INSTRUCTIONS FOR THE TASK. When copying the data below, keep only the lines from the one with "Now that we" through the one with "There are a", word for word, and skip the pictures.

Saved data entries:
━━━━
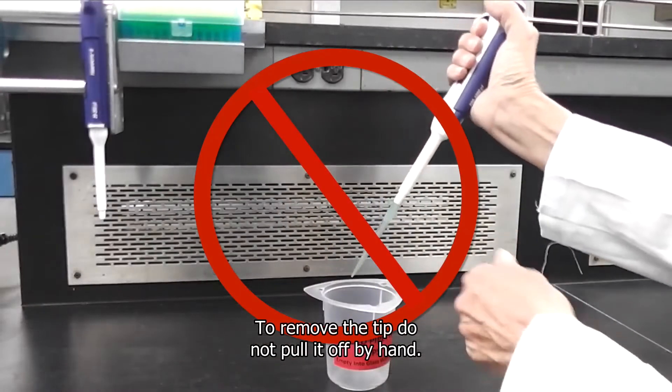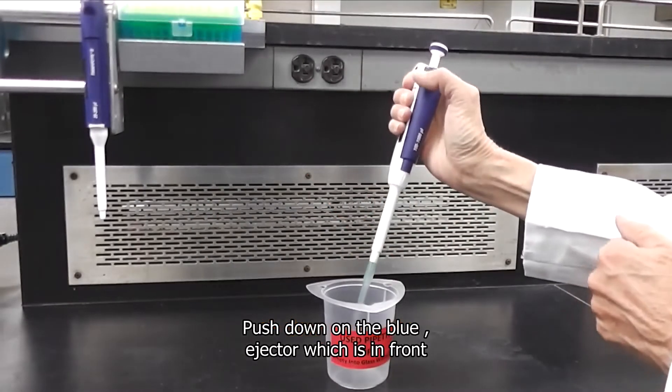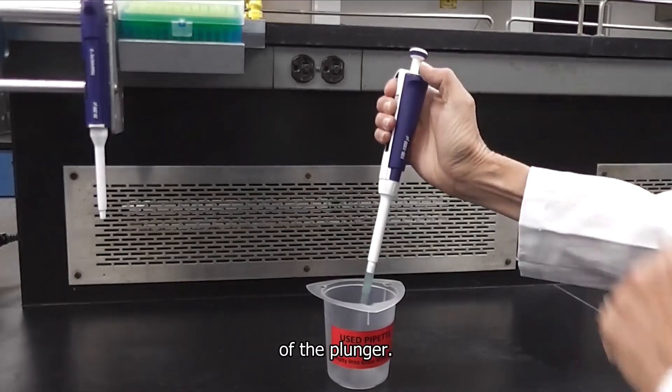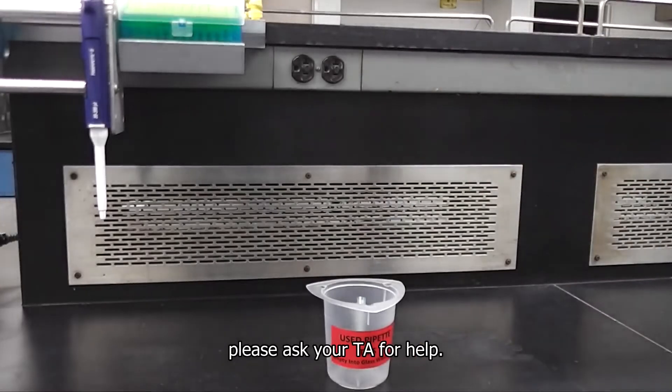To remove the tip, do not pull it off by hand. Push down on the blue ejector, which is in front of the plunger. If the tip doesn't eject properly for some reason, please ask your TA for help.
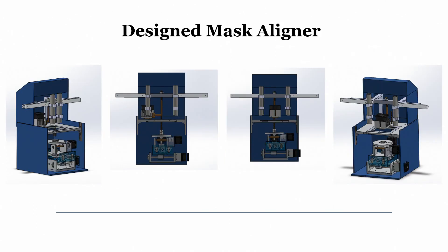Now that we know what a mask aligner looks like and its components — split-field microscopy, UV exposure system, mask holder, wafer holder, and X, Y, theta stage — we can design our own. This is our design, and this is what we are working on: a mask aligner that is cheaper and affordable so it can be used in most of our laboratories and universities.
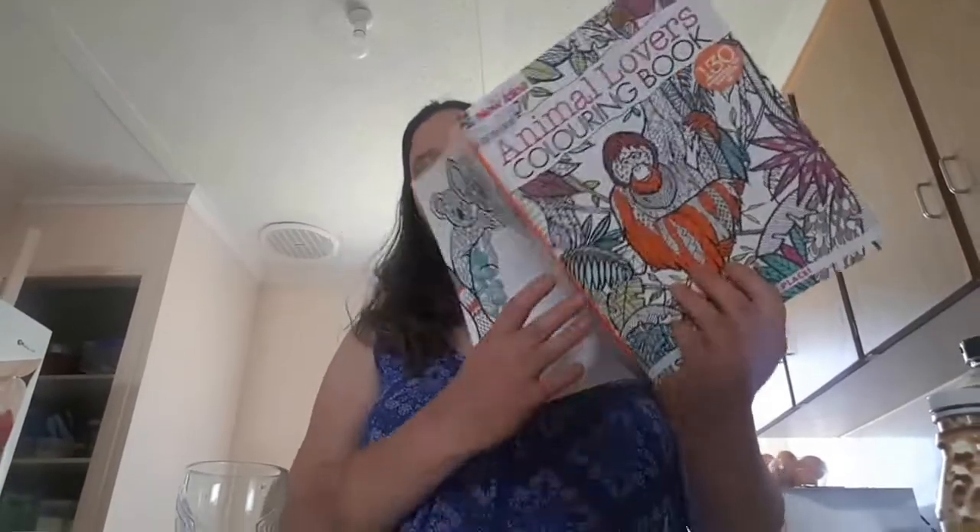Hi, this is Tuesdays Blog. I am going to do the free market challenge food edition. It's where you have a coloring book — I've just got an animals coloring book. You pick out a page to color in. I'll pick a page and I'll do the bats.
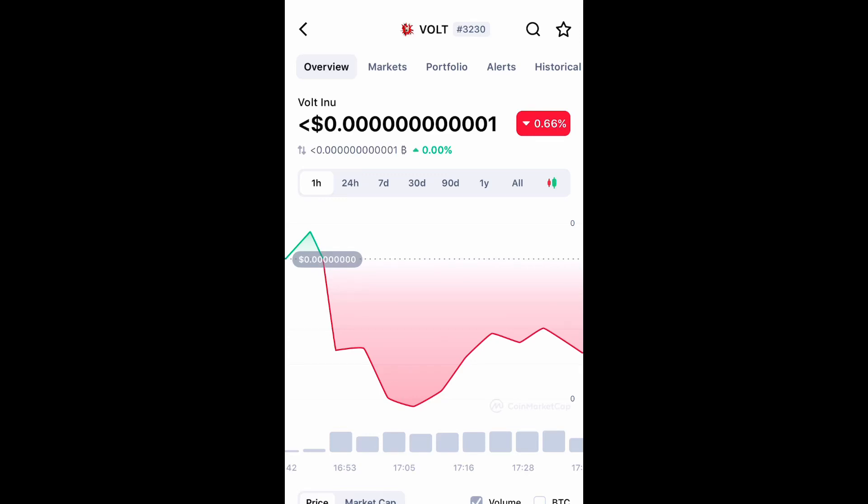What is up guys, Brit Tech here back with another video. Today I'm going to be showing you guys how to purchase Volt Inu on Uniswap through your Coinbase wallet.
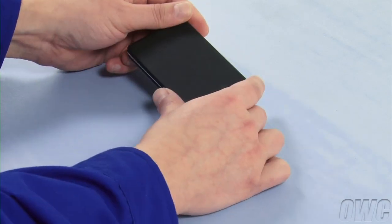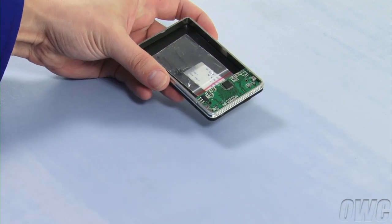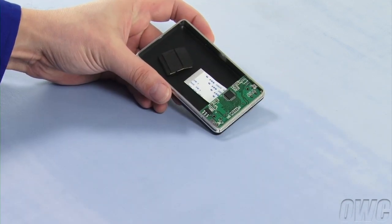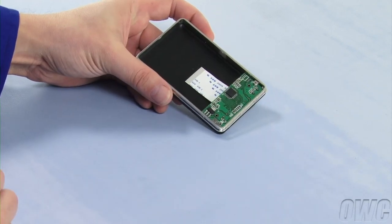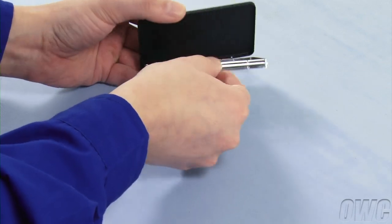The first step is to flip the enclosure over and gently pull the bottom cover off. Inside, you'll find a bag of eight small screws and a sheet of rubber bumpers, which can also be set aside. Then, peel the top cover away, leaving just the center frame assembly.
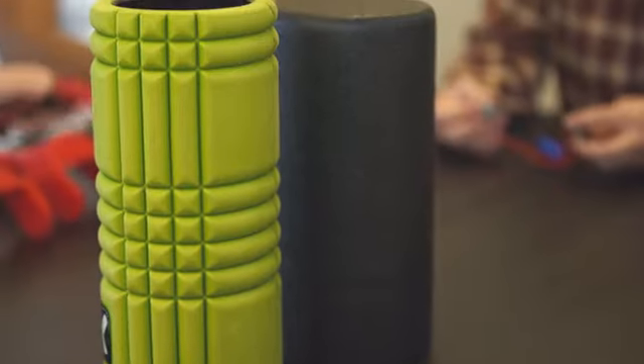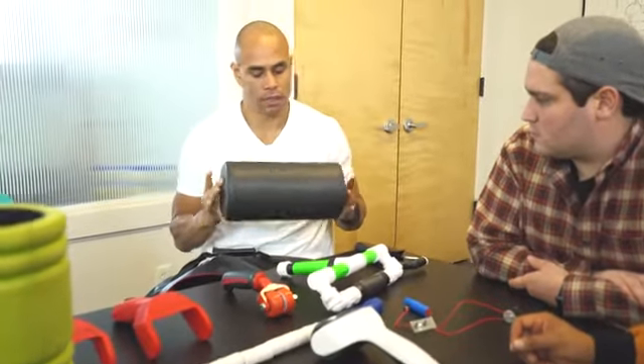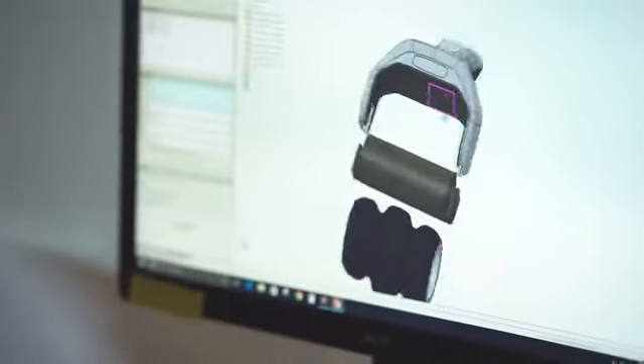There are a lot of other products out there to help roll out the larger extremities of your body, but getting on the ground and rolling around is a hassle. Until now, there really hasn't been anything to target the smaller extremities of your body that you can use with just one hand.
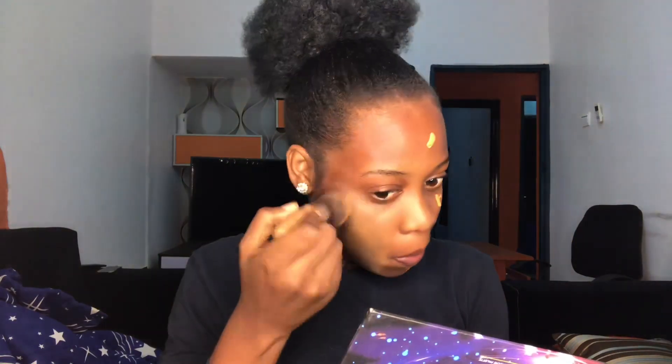Now we're going in with my foundation — I'm not using much, just a very little amount. I'm just blending that into my skin. I'll really take my time to blend this foundation because I want it to look very natural, like I'm not wearing a mask. I moisturized my face first so it sinks in well.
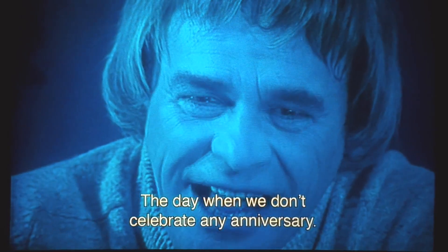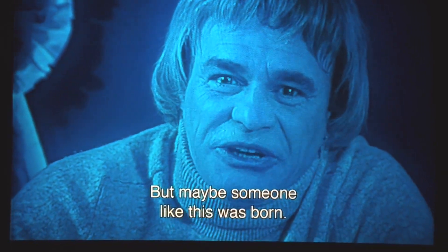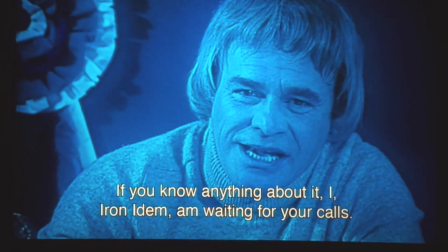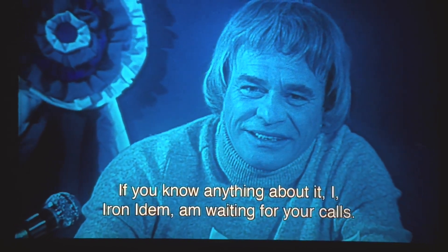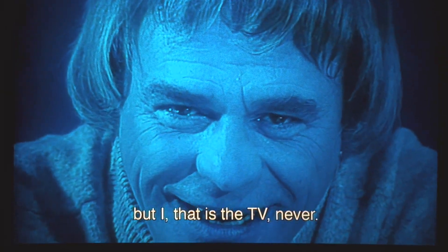We only have this in mono, so it's not going to be anything fantastic from an audio standpoint. But if you can get past the subtitles, I think you'll really enjoy this film. I'm going to play a few clips that are just so eye-opening. He's having to read these lines — here's one right now. [Film clip in Polish plays — Iron Edom on air]: 'Today is December 29th, a special day — a day on which we celebrate no anniversary. No one has died today that I would have to tell you about. But perhaps someone was born. If you know anything about that, I — Iron Edom — am waiting for your calls. Remember: your wife will betray you. Your lover will leave you. Your friend will abandon you. But I — that is, television — never.'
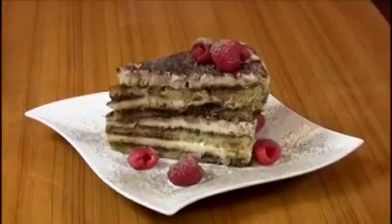Welcome to Talia's. I'm Chef Andrew and I'm going to show you how to make our famous tiramisu.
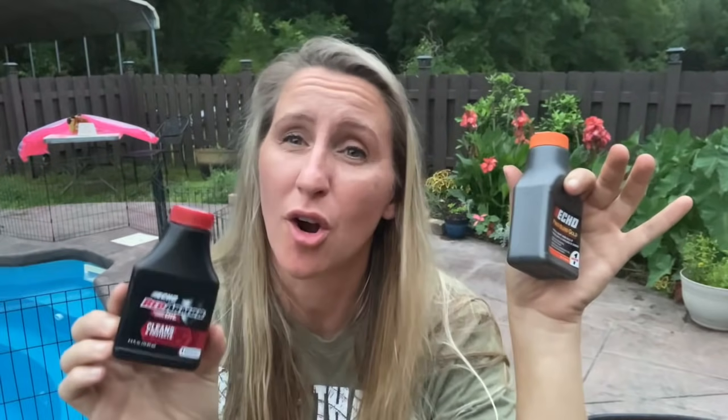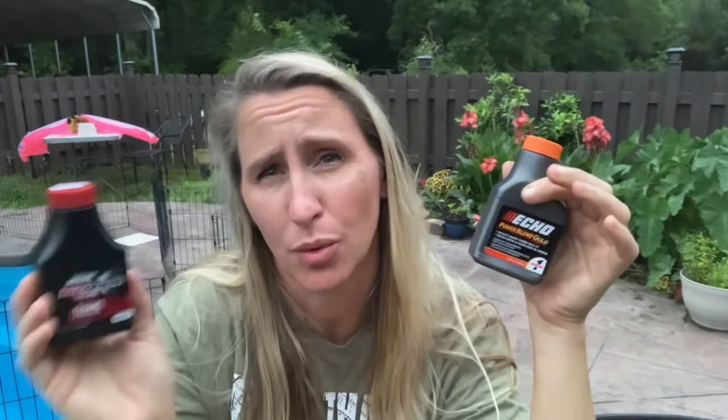If you're asking what you should use in your gas, I would tell you — because I'm an Echo dealer — you can either use Echo Power Blend Gold, it's good stuff and it's what I put in everything, or we also sell the Red Armor made by Echo, which has fuel stabilizer in it and is some of the best oil out there. I am not knocking Stihl though — Stihl is great oil. You're just going to need to run it at full throttle and you won't have any problems, but if you don't, you will.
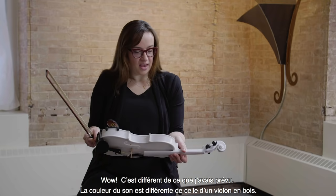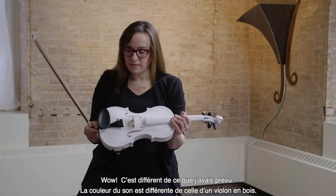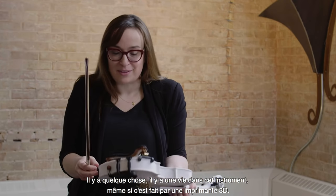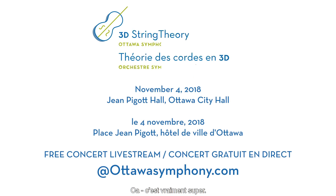Wow, that's very different from what I thought. It's a different color of sound from a wooden violin. There's something — there's a life in this instrument, even though it's made on a 3D printer. That's really cool.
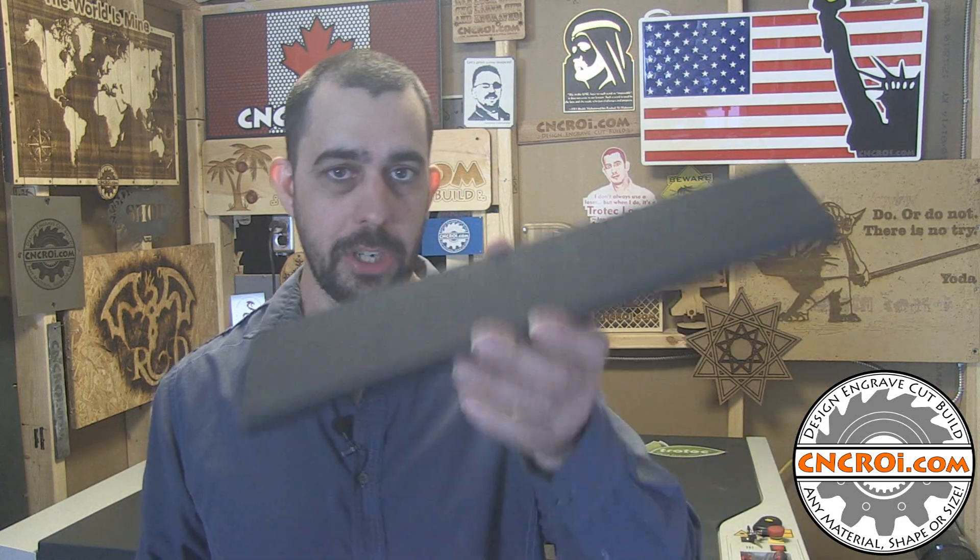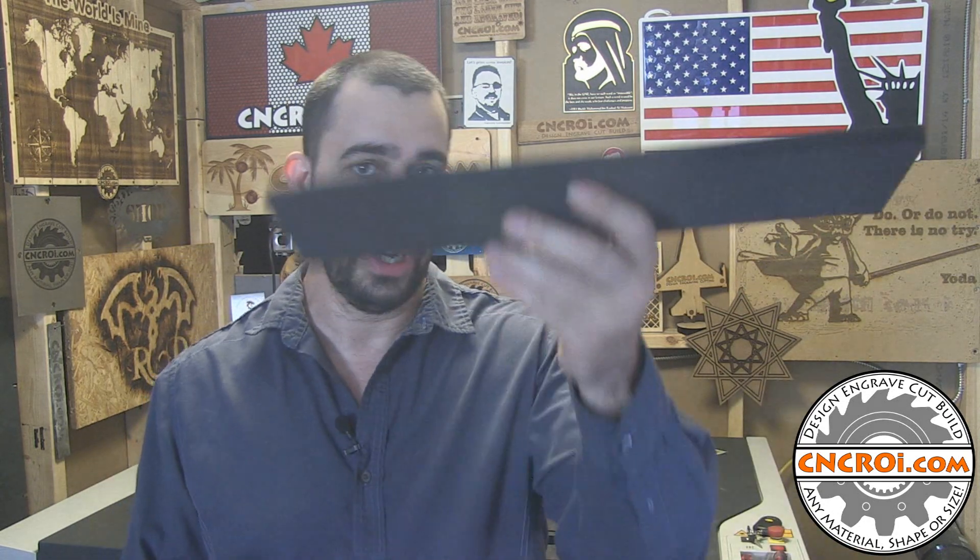A few questions I get from customers: I've done other videos where we're actually using foam of different colors. So yes, we can do this in different colors and different thicknesses. We found that if we go more than half an inch with our laser, we have other tooling if you want to go one inch, two inch, whatever you want. Specifically with the laser, if we go too thick, there's an issue.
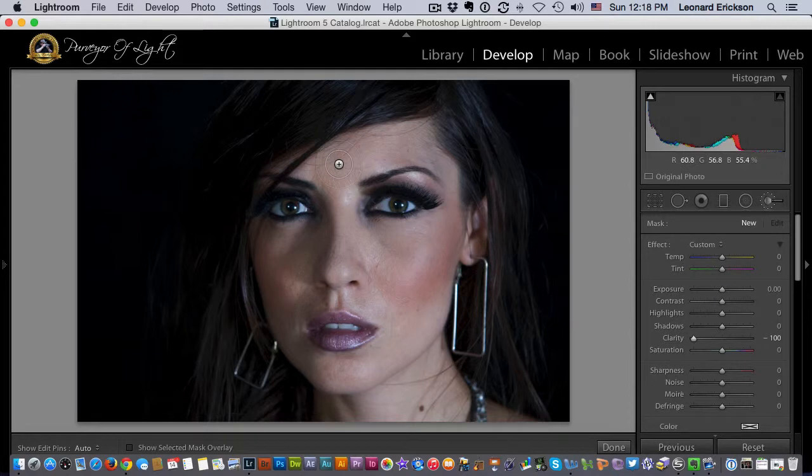Selecting the brush and then simply going over the skin area, I can soften the skin. Just doing a nice stroke, and you can see immediately how much we are smoothing and adjusting the skin — just that easy.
━━━━
REPLY.
Now that we know what a mask aligner looks like and its components — split-field microscopy, UV exposure system, mask holder, wafer holder, and X, Y, theta stage — we can design our own. This is our design, and this is what we are working on: a mask aligner that is cheaper and affordable so it can be used in most of our laboratories and universities.
Hi, this is Tuesdays Blog. I am going to do the free market challenge food edition. It's where you have a coloring book — I've just got an animals coloring book. You pick out a page to color in. I'll pick a page and I'll do the bats.
What is up guys, Brit Tech here back with another video. Today I'm going to be showing you guys how to purchase Volt Inu on Uniswap through your Coinbase wallet.
The first step is to flip the enclosure over and gently pull the bottom cover off. Inside, you'll find a bag of eight small screws and a sheet of rubber bumpers, which can also be set aside. Then, peel the top cover away, leaving just the center frame assembly.
There are a lot of other products out there to help roll out the larger extremities of your body, but getting on the ground and rolling around is a hassle. Until now, there really hasn't been anything to target the smaller extremities of your body that you can use with just one hand.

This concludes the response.